▸ **Collected data entries**
[Start of Attachment]

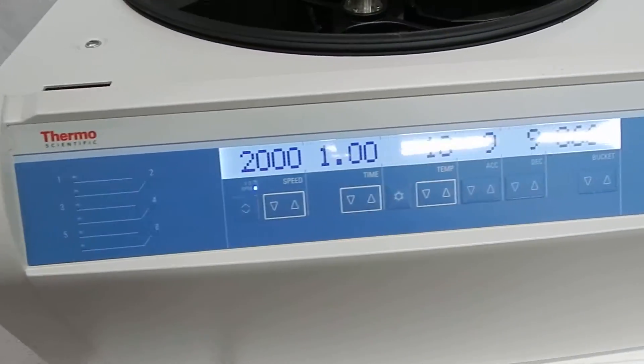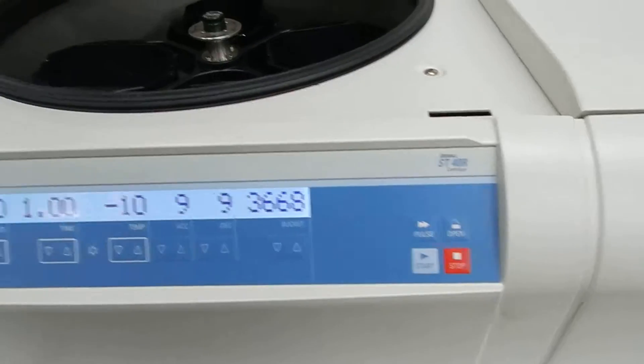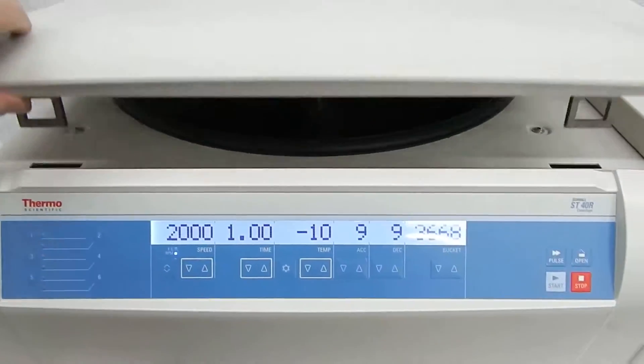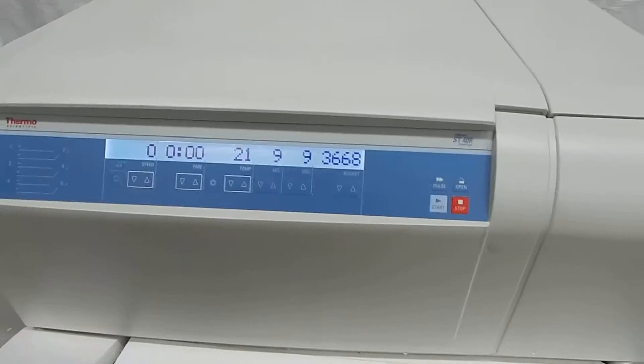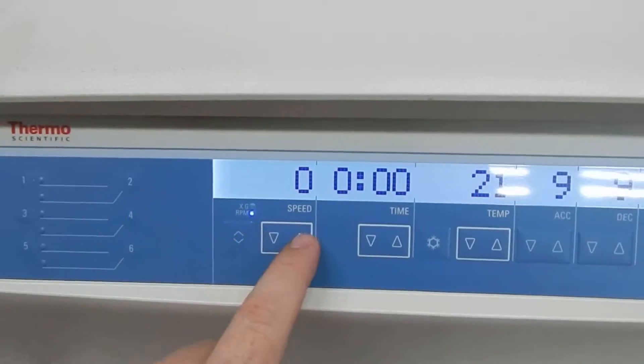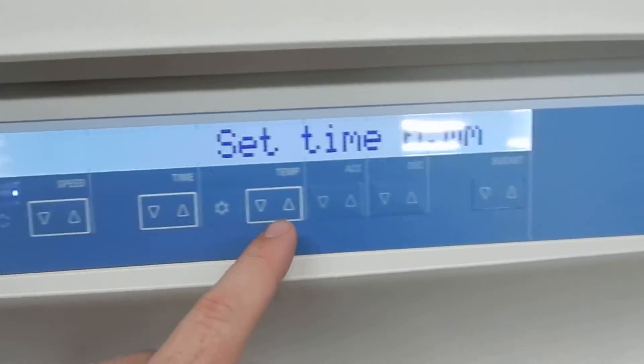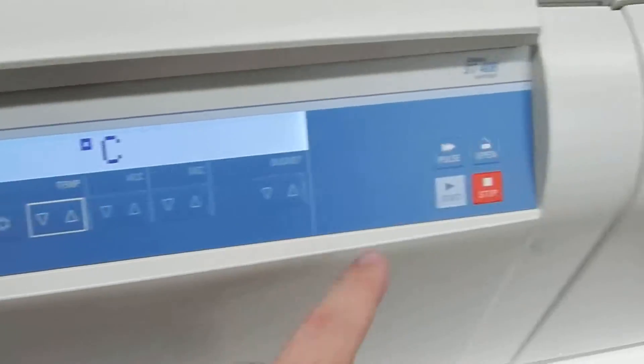Here's this Thermo Scientific ST40R — a customer said it was not working, not responding to any button commands. It was set to 2,000 RPM, one hour run time, and a temperature of minus 10 degrees.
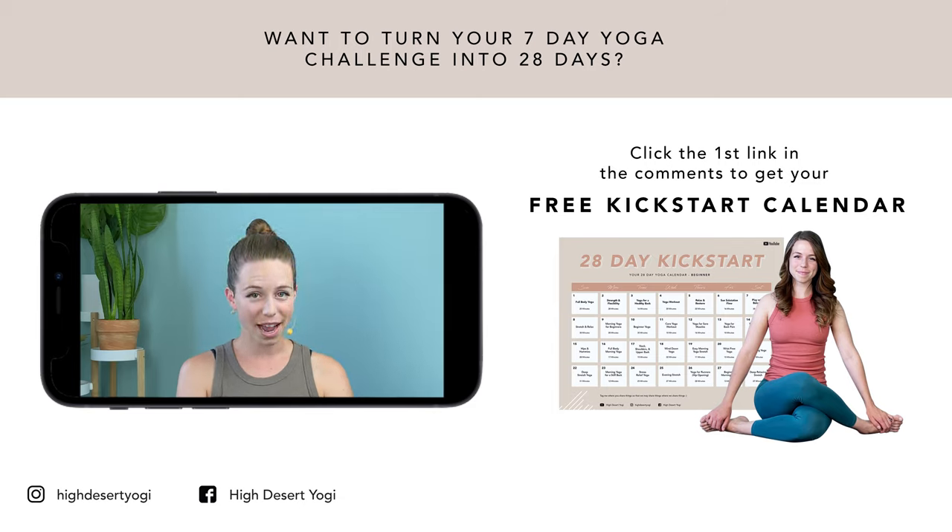Don't forget to subscribe and hit the notification bell so you don't miss when I upload another free practice. Have a good one.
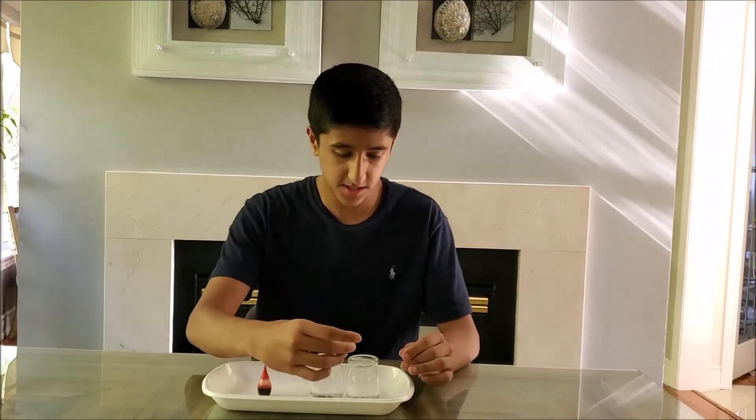So first, I'm going to put in food coloring. The blue represents cold water and the red represents hot water. I'm going to put two drops in each cup.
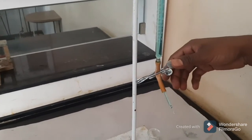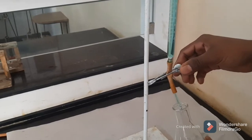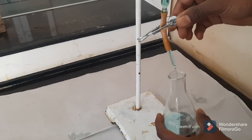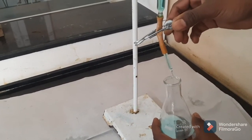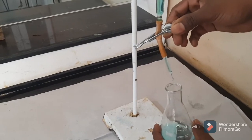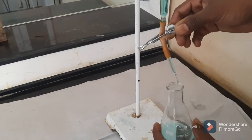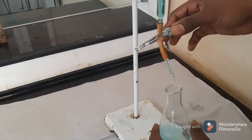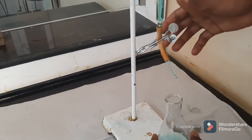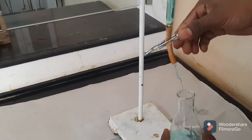The glass tube is attached to the rubber tube, which is attached to the pinch cock. By pressing the pinch cock with one hand, you can add the solution dropwise to the conical flask. While titrating, you add the solution from a burette to the conical flask. When you release the pinch cock the solution will stop, and when you press it the solution will get added drop by drop.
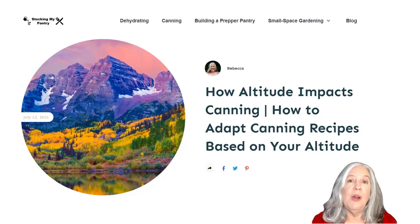Hello, Pantry Stalkers. Today we're going to talk about how altitude impacts canning recipes. I'm Rebecca from StockingMyPantry.com.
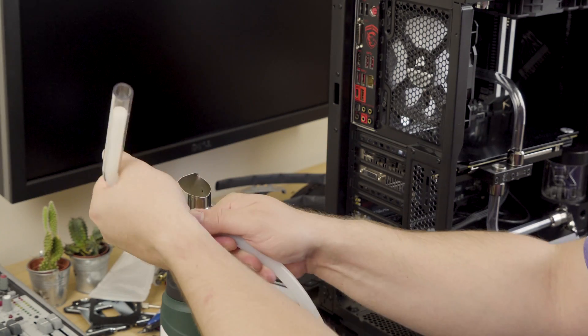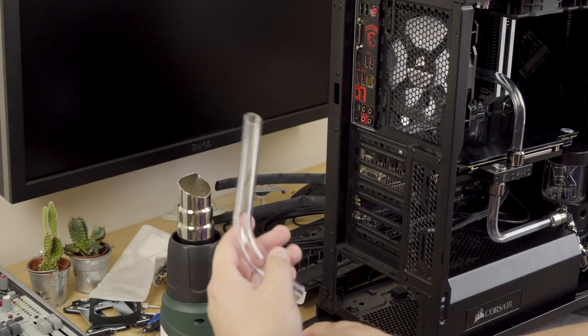It only takes a minute or two for that to cool down. Make sure that you hold the tubing steady — it will still be pliable for a period of time. Once it's cooled down, pull out your rubber insert and then it's just a case of cutting the tubing down to size.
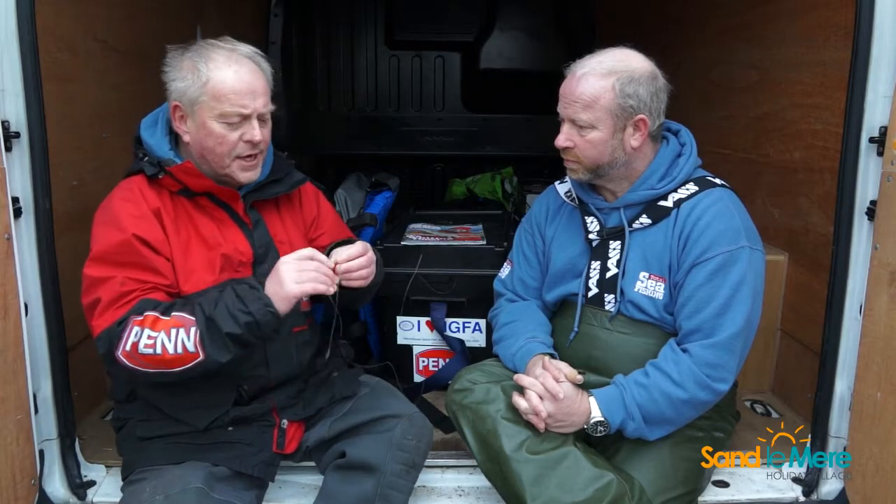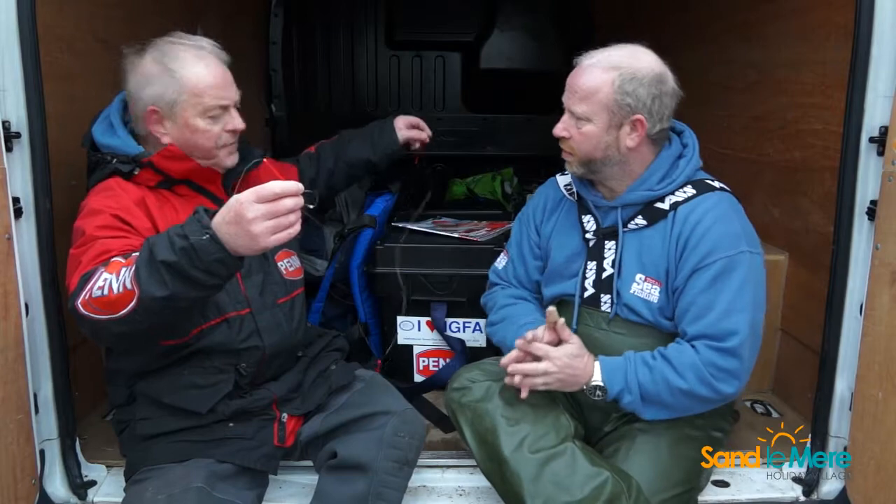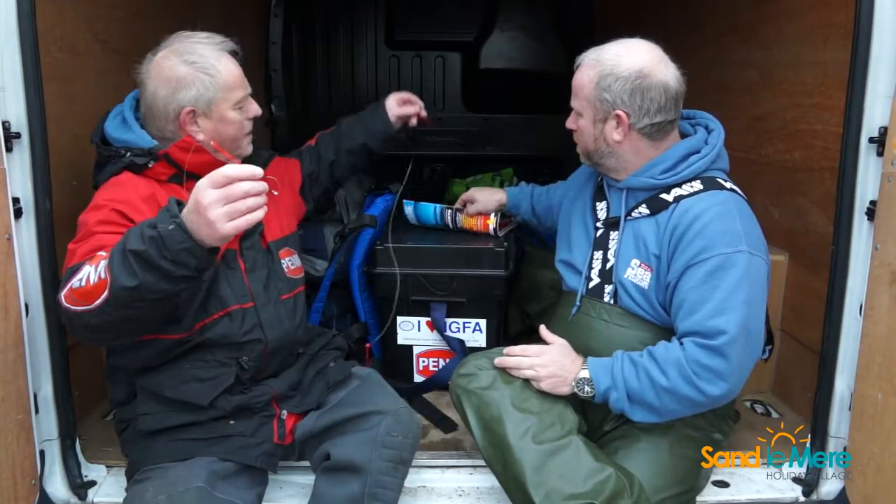That little extra weight just helps keep the bait really down in the surf and it catches you a few extra fish. That's a freshwater split shot — yes, a freshwater split shot. It's just three booms, well spread apart, lead goes at the bottom, and it just spreads the baits out in the surf. You catch a lot of good flatfish, a lot of good whiting that way, and you will get bonus codling too. It's good all-round versatility.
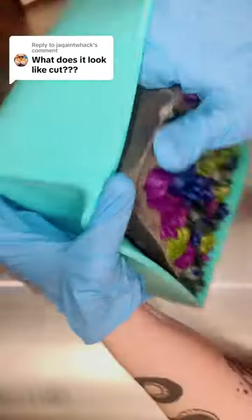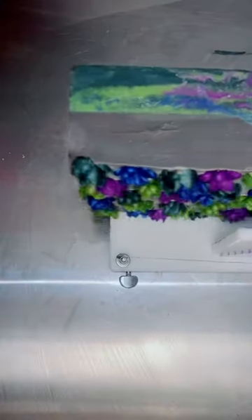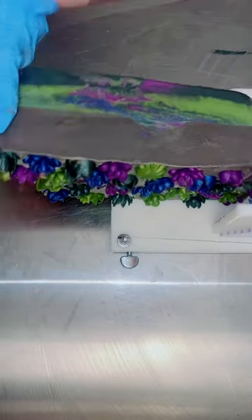Now hear me out — this is one of the worst soap cut fails I've had in a while. Normally when I make my soap it's pretty hot and that's why it gets thick, but this time I really wanted a perfect layer so I went in with a cold soap batter.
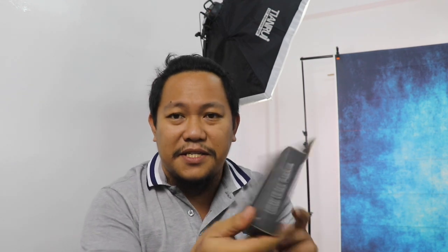Let's open this one mga koys and see how it looks like. So this is just a small box.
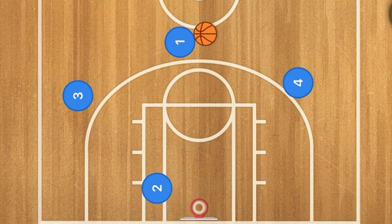This is a triangle offense. We all know what the triangle offense is, and basically we are going to be running the triangle offense in a four-on-four game.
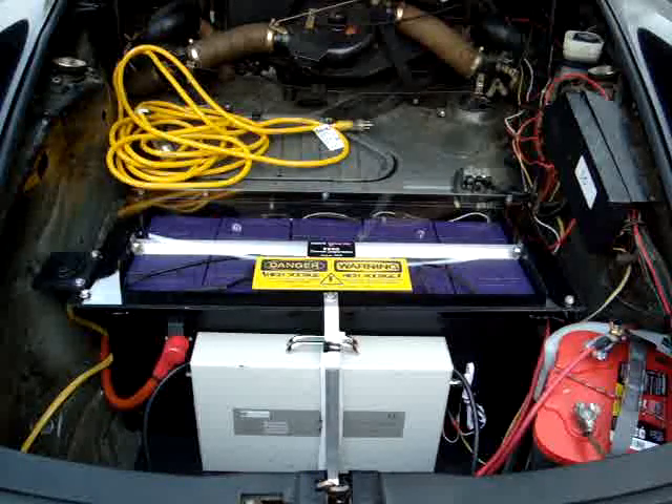As always, everything just works the way it should. This is a very workable package — we call it our commuter package. It fits the bill for 80% of Americans who, according to the Department of Transportation, drive less than 40 miles a day. They're reliable, clean, and efficient — it's just a nice little package. This car feels and handles better than it did in its stock incarnation.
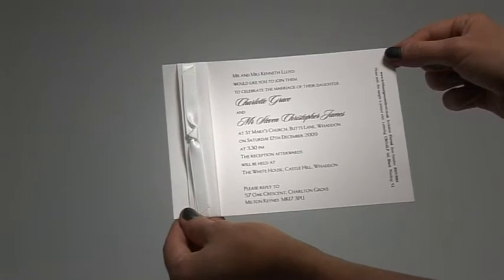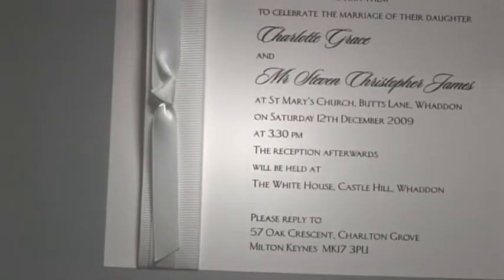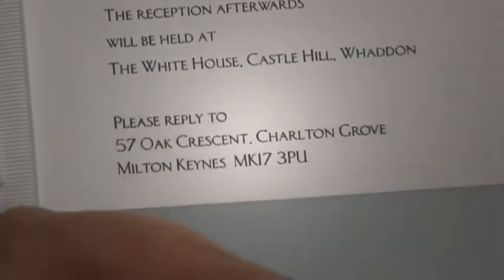This is the Eternal Design from Bride & Groom Direct. An elegant, flat, premium white card is adorned with a textured satin ribbon to create a simply stunning invitation. Your personalisation will be printed onto the card in raised ink.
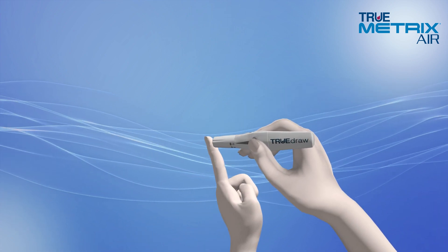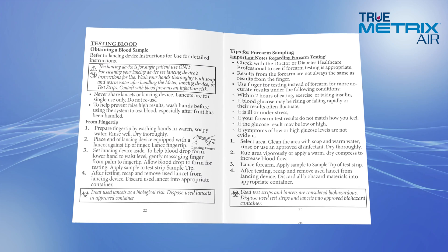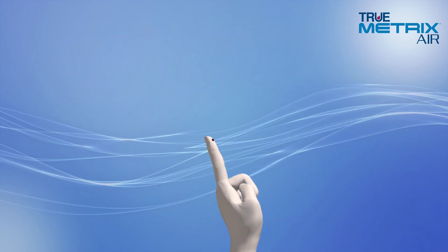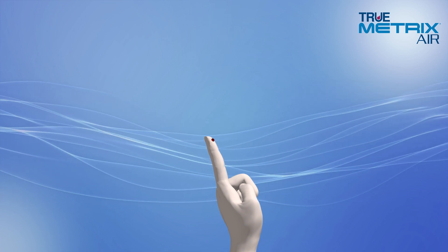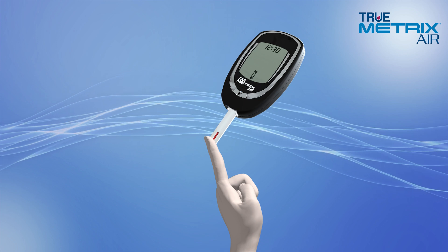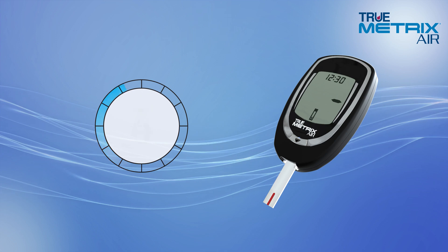Next, using your lancing device, obtain a drop of blood from your fingertip. If you prefer to use an alternate site, refer to the owner's booklet to learn about this type of testing. Make sure to allow a small blood drop to form, then touch the test strip sample tip to the blood drop and hold it there until the meter beeps. Dashes will appear across the display to indicate that the meter is testing.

[End of Attachment]

▸ **Exercise description**
Copy the final portion of the records: every line from the one containing "This is the" through the last, word for word, without pictures.

▸ **Reply**
This is the Eternal Design from Bride & Groom Direct. An elegant, flat, premium white card is adorned with a textured satin ribbon to create a simply stunning invitation. Your personalisation will be printed onto the card in raised ink.
Next, using your lancing device, obtain a drop of blood from your fingertip. If you prefer to use an alternate site, refer to the owner's booklet to learn about this type of testing. Make sure to allow a small blood drop to form, then touch the test strip sample tip to the blood drop and hold it there until the meter beeps. Dashes will appear across the display to indicate that the meter is testing.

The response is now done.